Misalnya obrolan santai Arisan Ilmu Nol Rupiah, yang digagas oleh SRPB Jatim
sebagai upaya menambah wawasan dan mempererat paseduluran antar relawan. Begitu
juga dengan komunitas yang lain dengan nama yang lain pula, tapi substansinya
sama, meningkatkan pengetahuan, dan memperluas wawasan.
Bahkan ada
komunitas tertentu, dalam melakukan pembelajarannya, melibatkan langsung masyarakat
yang berada di kawasan rawan bencana. Apalagi, saat ini ada dana desa yang bisa
dimanfaatkan untuk kegiatan yang terkait dengan penanggulangan bencana.
Ini merupakan
bentuk kongkrit upaya membangun kesiapsiagaan, yaitu serangkaian kegiatan yang
dilakukan untuk mengantisipasi bencana melalui pengorganisasian serta melalui
langkah yang tepat guna dan berdaya guna.
Tanda bahwa
masyarakat itu telah memiliki kesiapsiagaan yang baik adalah, (1) Mampu
mengenali ancaman dan memprediksi sebelum terjadinya bencana; (2) Mampu
mencegah bencana, jika mungkin; (3) Jika tidak, mampu mengurangi dampaknya; (4)
Jika terjadi bencana, mampu menanggulangi secara efektif; dan (5) Setelah
bencana terjadi, mampu pulih kembali dengan cepat.
Disamping melakukan
peningkatan kapasitas relawan secara terus menerus, sudah waktunya relawan juga
memahami tentang aspek inklusi dalam aksi-aksi kemanusiaan. Artinya, aksi
kemanusiaan yang dilakukan relawan itu harus dapat memberikan manfaat bagi
semua orang yang terkena bencana, termasuk penyandang disabilitas.
Bahkan merekalah
kelompok berisiko tinggi yang akan
mengalami dampak yang lebih besar karena hambatan lingkungan. Ini terjadi
akibat dilupakannya (terlupakan) keberadaan penyandang disabilitas dalam
penanggulangan bencana.
Dalam brosur
pengurangan risiko bencana inklusif yang dikeluarkan USAID, mengatakan bahwa
penyandang disabilitas termasuk kelompok berisiko tinggi terhadap bencana.

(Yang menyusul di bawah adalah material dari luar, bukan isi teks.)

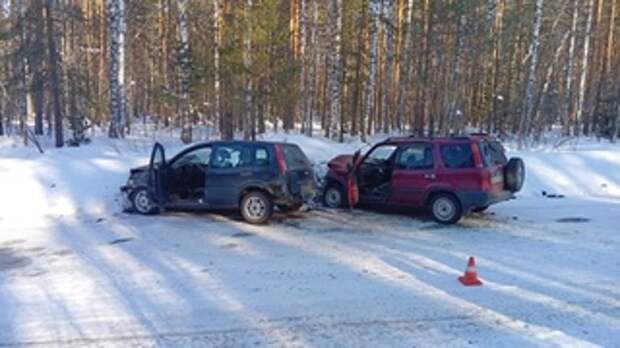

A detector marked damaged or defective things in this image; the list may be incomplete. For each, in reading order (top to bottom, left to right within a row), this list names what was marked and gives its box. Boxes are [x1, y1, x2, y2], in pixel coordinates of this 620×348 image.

damaged red suv [324, 135, 524, 224]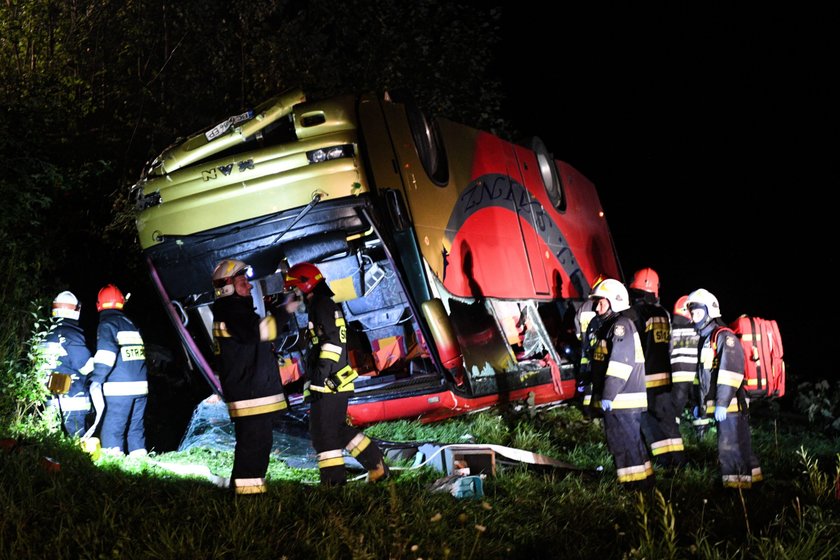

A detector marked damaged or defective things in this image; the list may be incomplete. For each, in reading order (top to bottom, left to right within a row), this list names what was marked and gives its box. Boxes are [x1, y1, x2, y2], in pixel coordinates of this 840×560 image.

overturned bus [128, 89, 620, 426]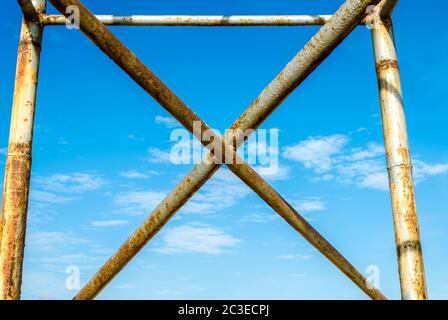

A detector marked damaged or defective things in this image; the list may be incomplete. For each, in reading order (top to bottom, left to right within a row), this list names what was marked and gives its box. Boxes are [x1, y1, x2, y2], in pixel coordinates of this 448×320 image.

rusty vertical pole [0, 0, 46, 300]
rusty vertical pole [370, 4, 428, 300]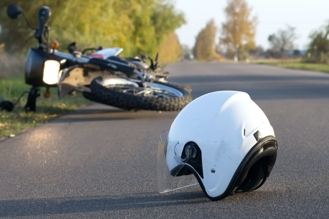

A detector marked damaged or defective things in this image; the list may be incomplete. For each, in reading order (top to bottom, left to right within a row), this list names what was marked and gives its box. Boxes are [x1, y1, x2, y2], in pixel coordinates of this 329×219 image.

overturned motorcycle [0, 4, 191, 112]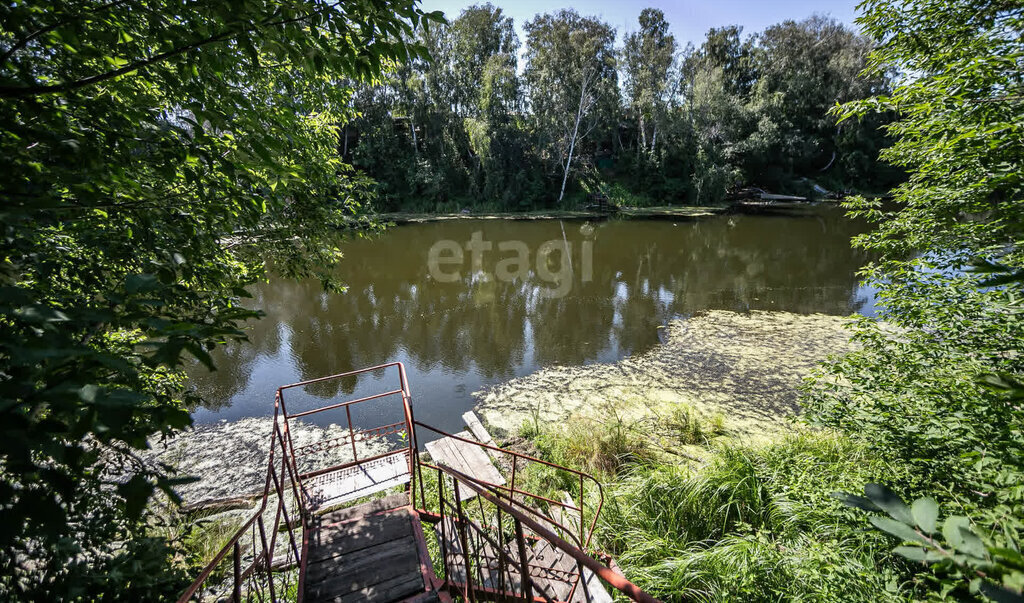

Hambatan lingkungan yang dihadapi penyandang disabilitas saat tanggap bencana, dapat berupa fisik, seperti
akses bangunan, ketersediaan toilet, serta alat informasi yang kurang
aksesibel. Dapat pula secara non fisik, seperti
masih adanya stigma negatif ketidakberdayaan, sehingga tidak dilibatkan,
serta sistem komunikasi yang tidak asesibel.
Untuk itulah, masih
kata pesan dalam brosur itu, semua pegiat kerja-kerja kemanusiaan sudah
waktunya melakukan aksi kemanusiaan inklusif. Seperti, melibatkan kelompok
berisiko tinggi dalam semua fase aksi kemanusiaan, dari kajian awal hingga
perencanaan, pelaksanaan dan evaluasi. Melakukan kegiatan pemilahan data
berdasarkan gender, usia dan disabilitas.
Dalam Kerangka Aksi
Hyogo 2005 – 2015, juga disebutkan bahwa dalam situasi bencana semua orang
menjadi rentan, terutama para lansia, penyandang disabilitas, dan ibu-ibu yang
tengah hamil atau baru saja melahirkan. Pemerintah dan pemerintah daerah perlu
melibatkan warga dan komunitas rentan dalam perencanaan pengurangan risiko
bencana, agar kebutuhan kaum yang rentan dapat terakomodasi terutama dalam
situasi darurat dan pasca-bencana.
Tidak terlalu salah
jika selama ini keberadaan penyandang disabilitas kurang diperhitungkan karena
stigmatisasi yang salah dan mungkin karena jumlahnya minoritas sehingga dinomor
duakan, yang penting jika dalam situasi darurat mereka diselamatkan lebih dulu.
Jangankan relawan,
pemerintah, dalam hal ini BPBD pun dalam menyusun recana kerjanya juga masih
belum pro penyandang disabilitas. Untuk itu diperlukan adanya ‘political will’ diantara para pemegang
kuasa agar berkenan menganggarkan dana untuk pelibatan para penyandang
disabilitas dalam kegiatan peningkatan kapasitas agar bisa berperan dalam upaya
pengurangan risiko bencana, maupun dalam operasi penanggulangan bencana.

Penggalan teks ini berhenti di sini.